● **PROBLEM DESCRIPTION**
Transcribe only the lines in the data below falling between the line with "White Button Up Cardigan" and the line with "2021 MITSUBISHI OUTLANDER", including those two lines, and leave out any picture.

● **RECORDS PROVIDED**
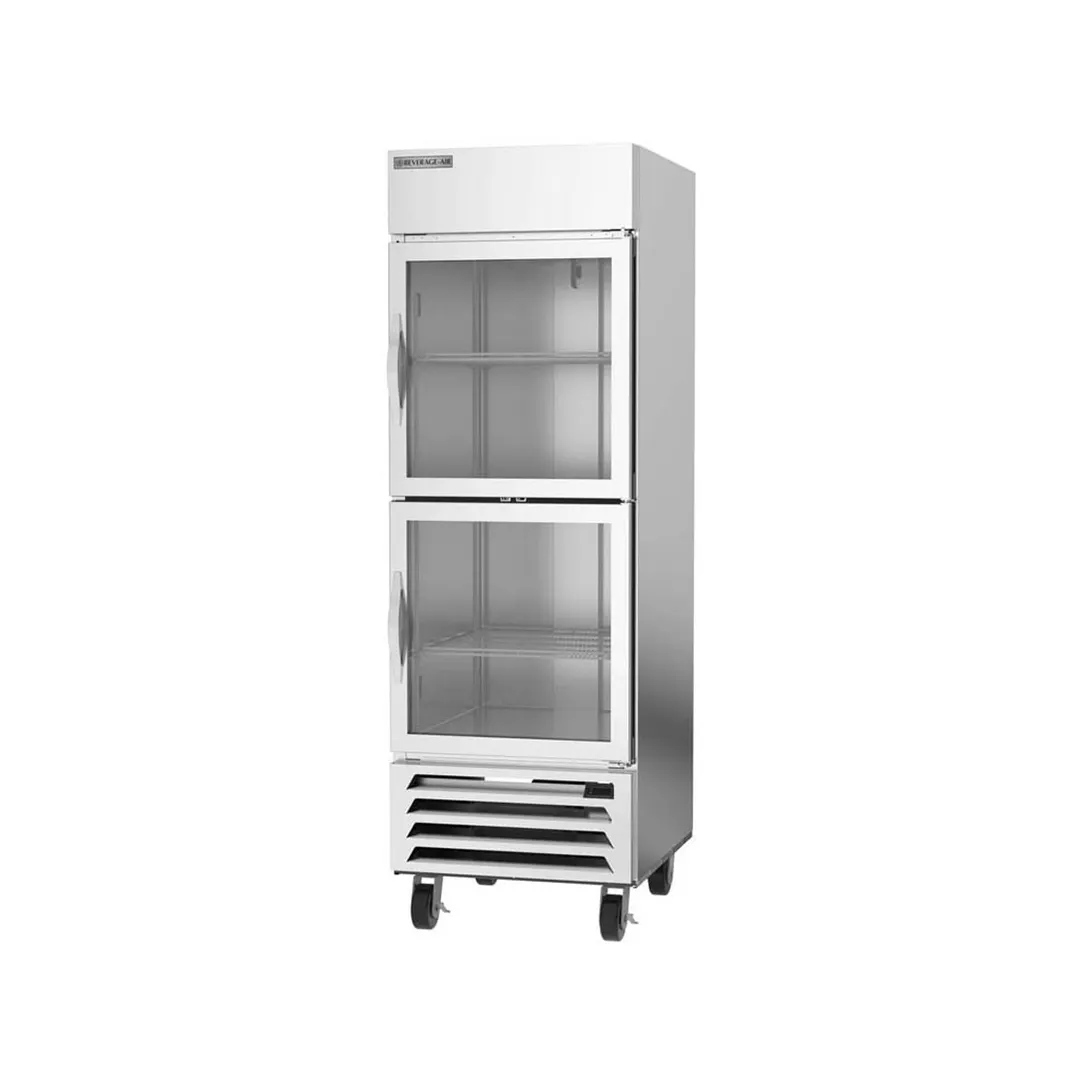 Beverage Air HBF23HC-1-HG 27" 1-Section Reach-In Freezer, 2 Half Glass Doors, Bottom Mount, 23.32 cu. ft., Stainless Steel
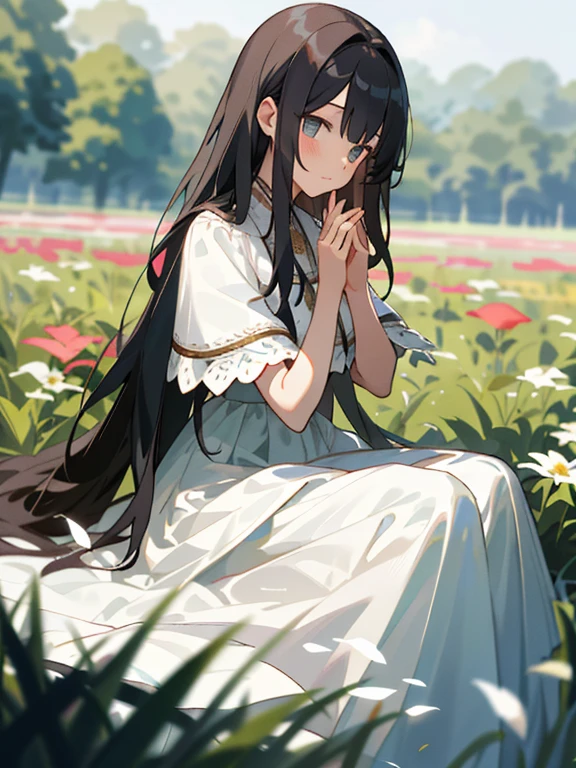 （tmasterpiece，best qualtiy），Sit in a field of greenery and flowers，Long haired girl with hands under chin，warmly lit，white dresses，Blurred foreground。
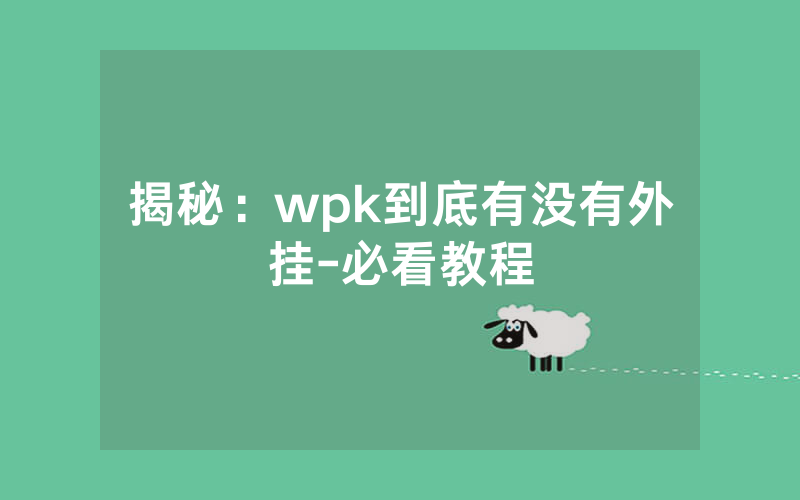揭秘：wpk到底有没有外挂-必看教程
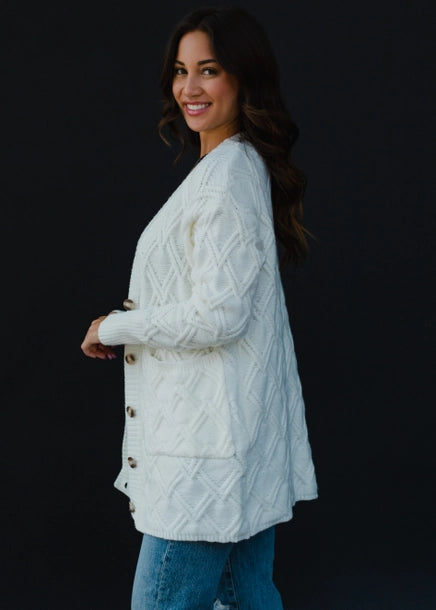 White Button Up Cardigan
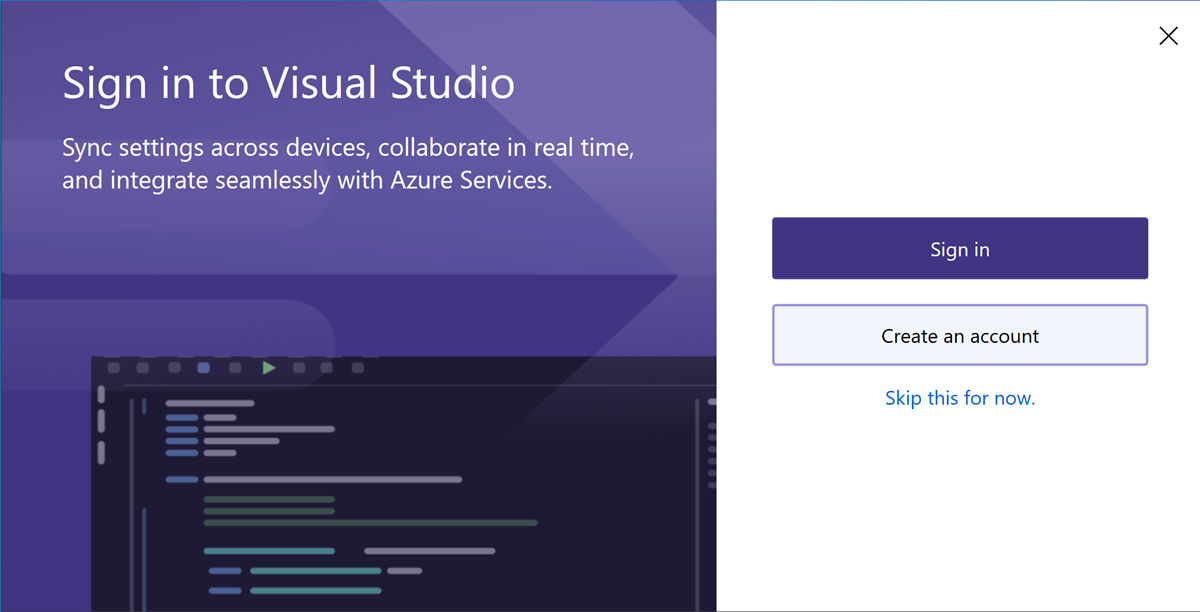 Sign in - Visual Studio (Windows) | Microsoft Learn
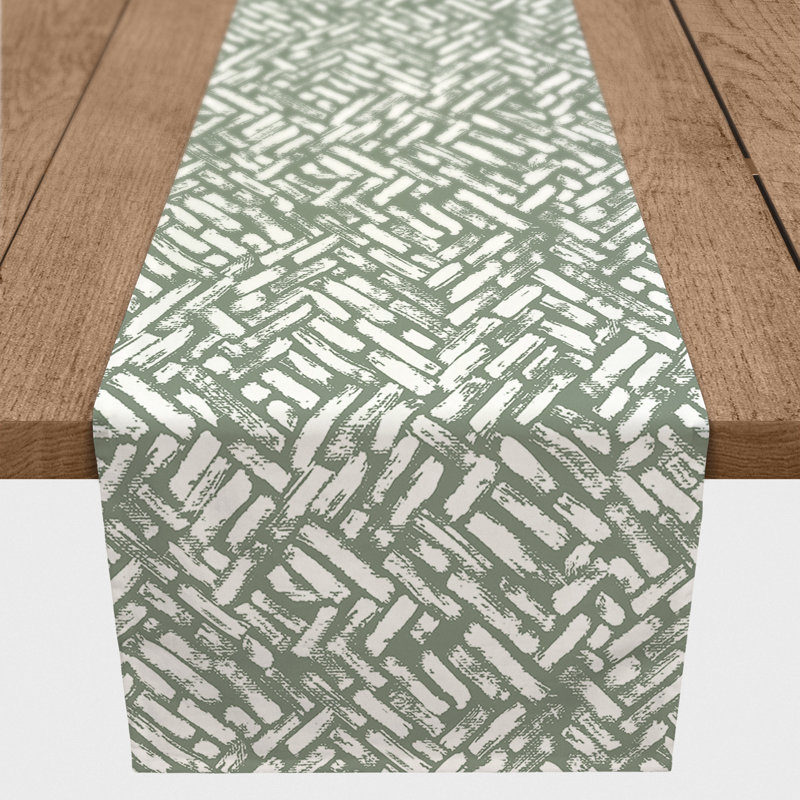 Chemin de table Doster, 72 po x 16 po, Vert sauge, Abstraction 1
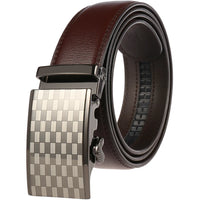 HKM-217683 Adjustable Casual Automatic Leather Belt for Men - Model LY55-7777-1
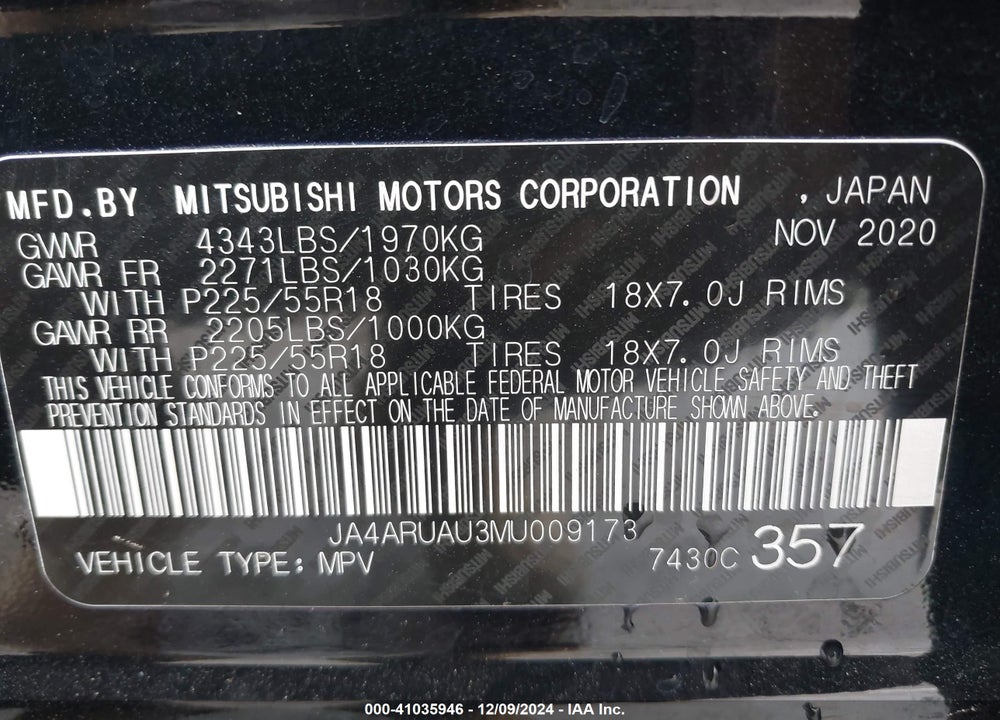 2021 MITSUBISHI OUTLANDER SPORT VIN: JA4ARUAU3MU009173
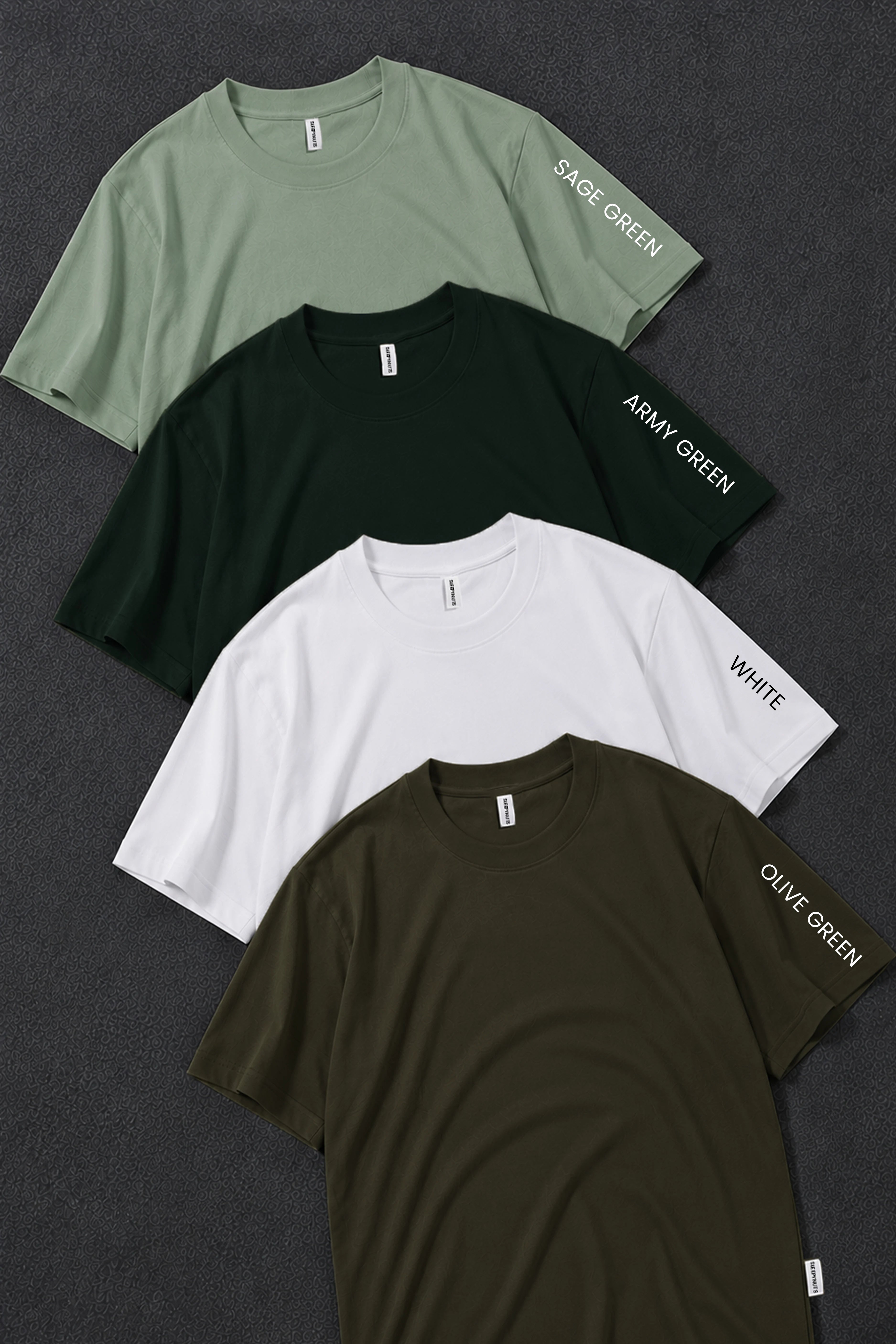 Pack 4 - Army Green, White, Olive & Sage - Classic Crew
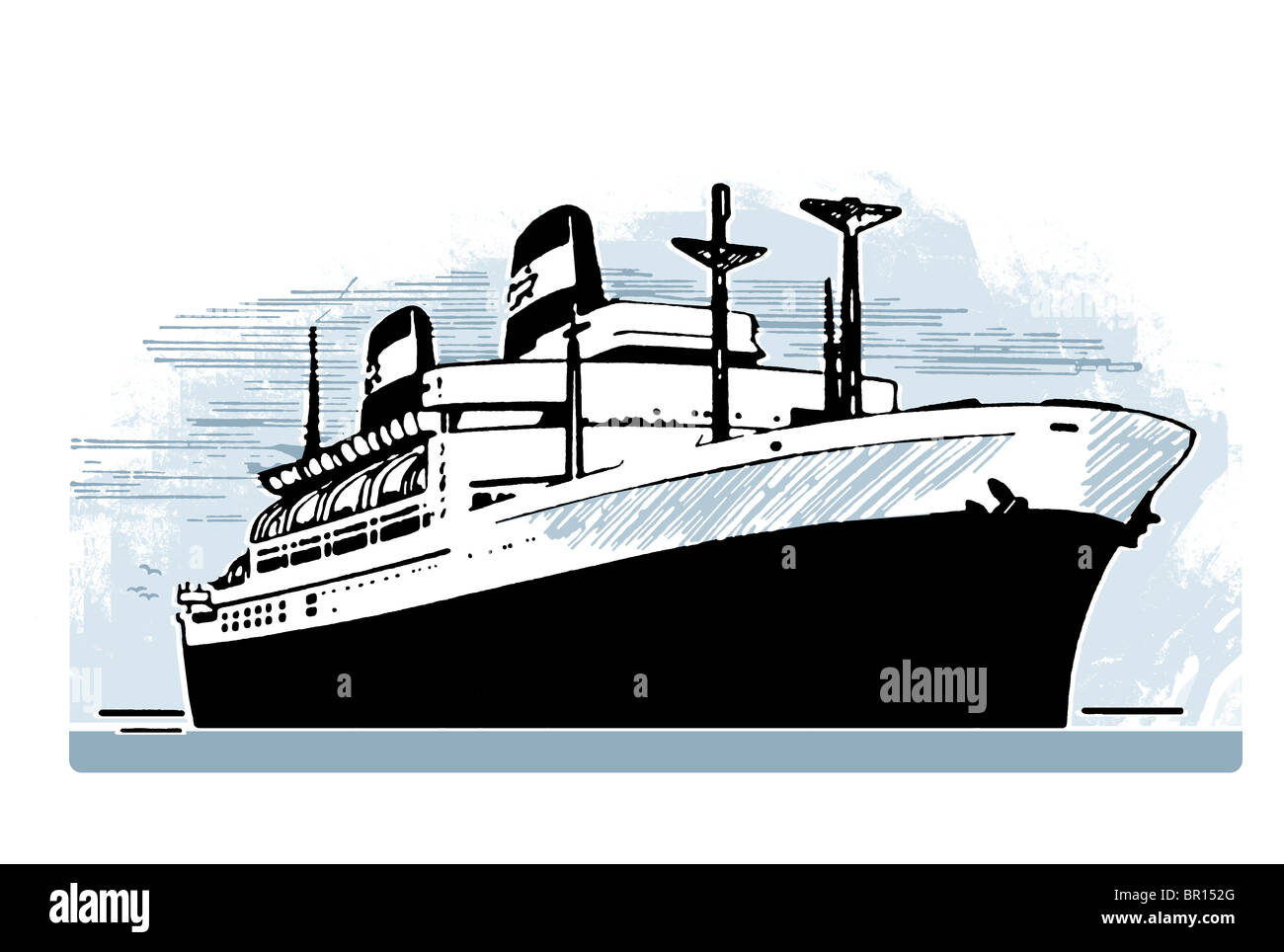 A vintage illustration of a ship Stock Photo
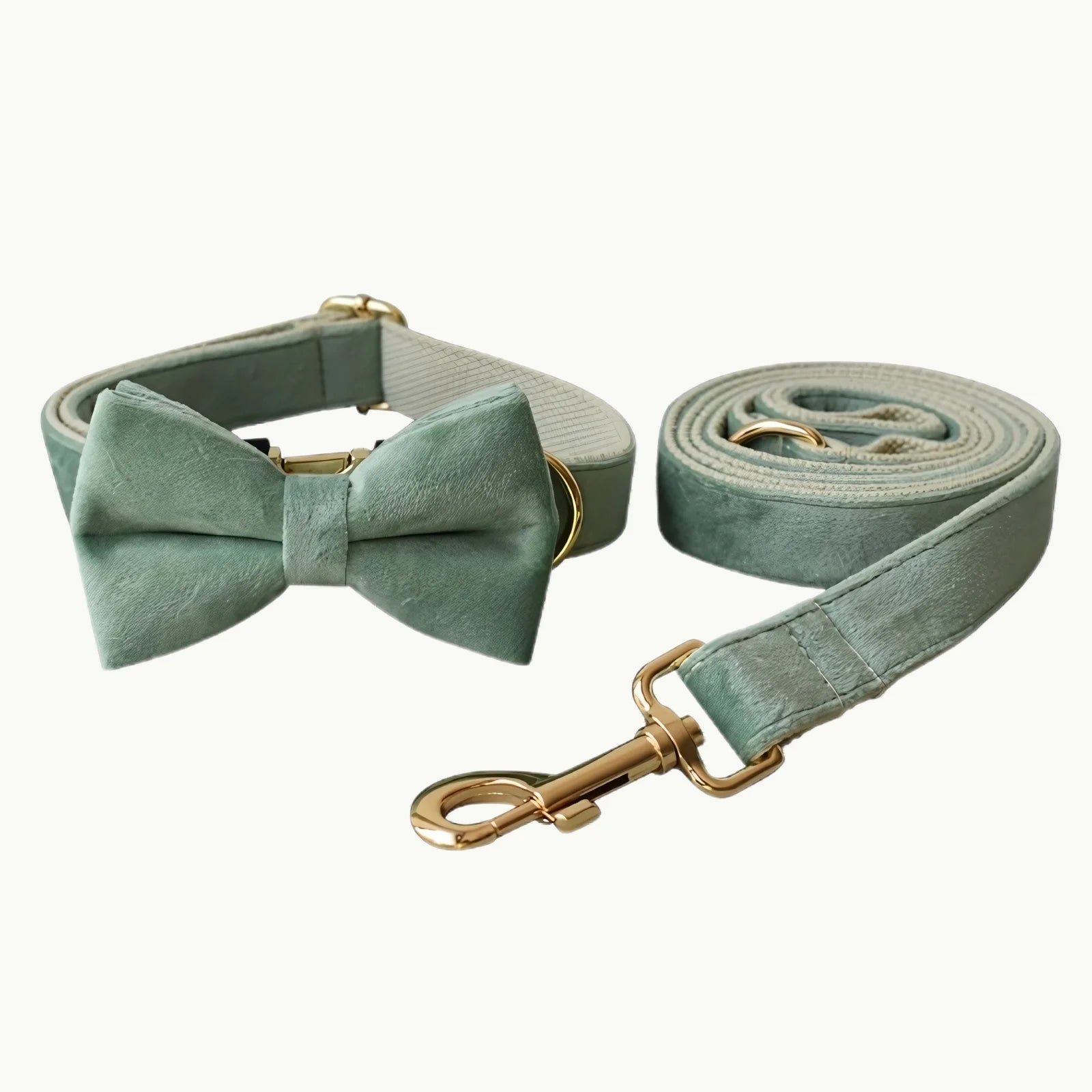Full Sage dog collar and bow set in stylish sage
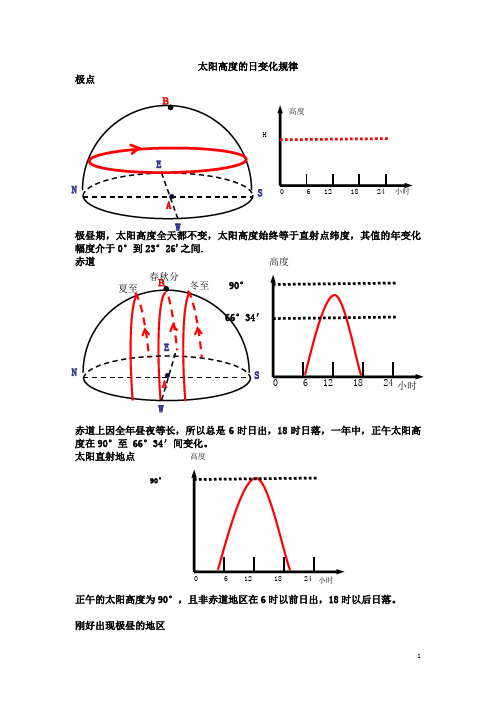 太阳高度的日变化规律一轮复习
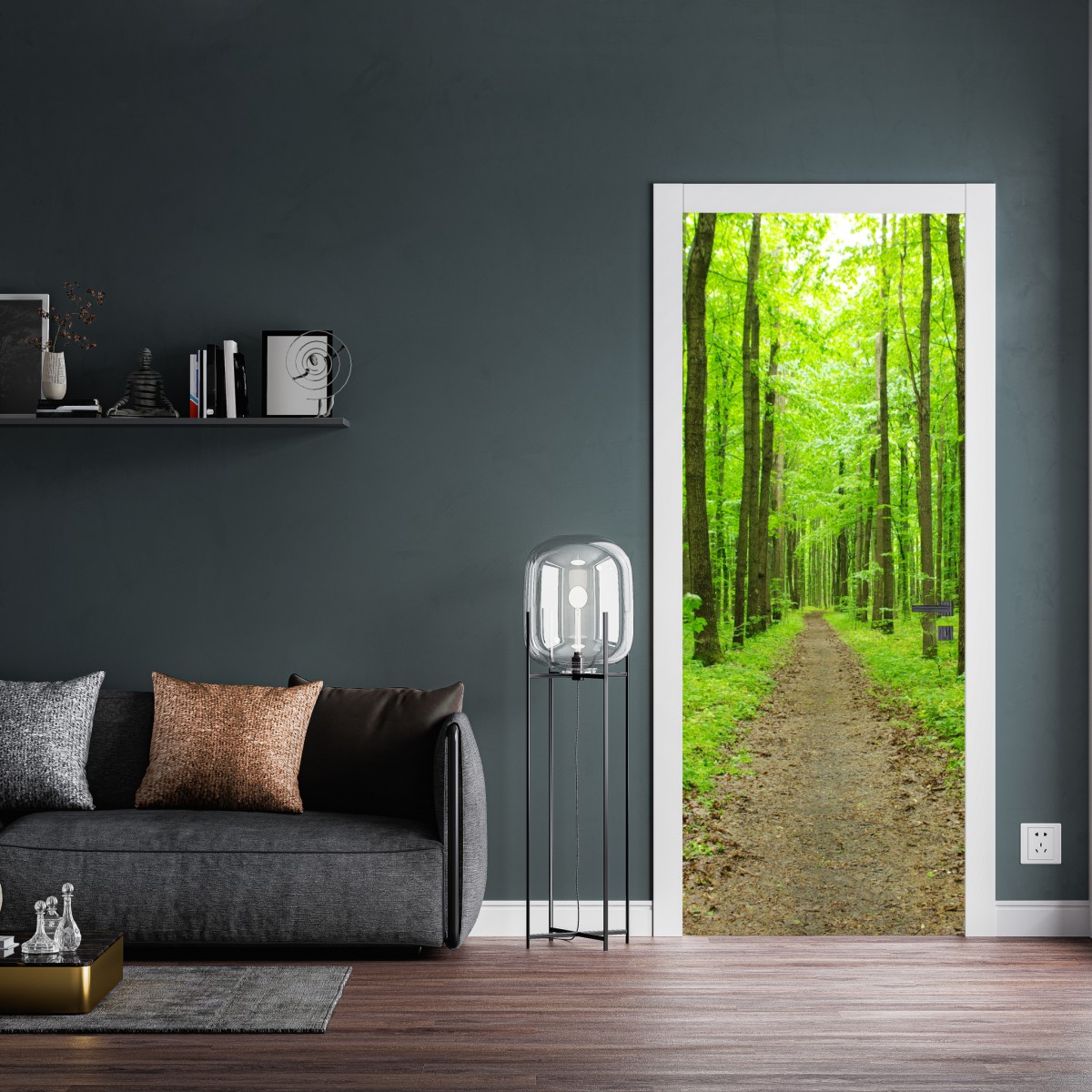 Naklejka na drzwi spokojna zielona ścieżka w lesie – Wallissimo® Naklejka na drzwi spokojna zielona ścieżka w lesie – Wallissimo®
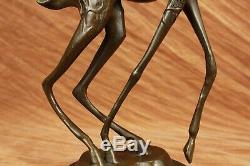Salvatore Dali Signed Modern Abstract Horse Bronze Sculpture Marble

● **EXERCISE RESPONSE**
 White Button Up Cardigan
 Sign in - Visual Studio (Windows) | Microsoft Learn
 Chemin de table Doster, 72 po x 16 po, Vert sauge, Abstraction 1
 HKM-217683 Adjustable Casual Automatic Leather Belt for Men - Model LY55-7777-1
 2021 MITSUBISHI OUTLANDER SPORT VIN: JA4ARUAU3MU009173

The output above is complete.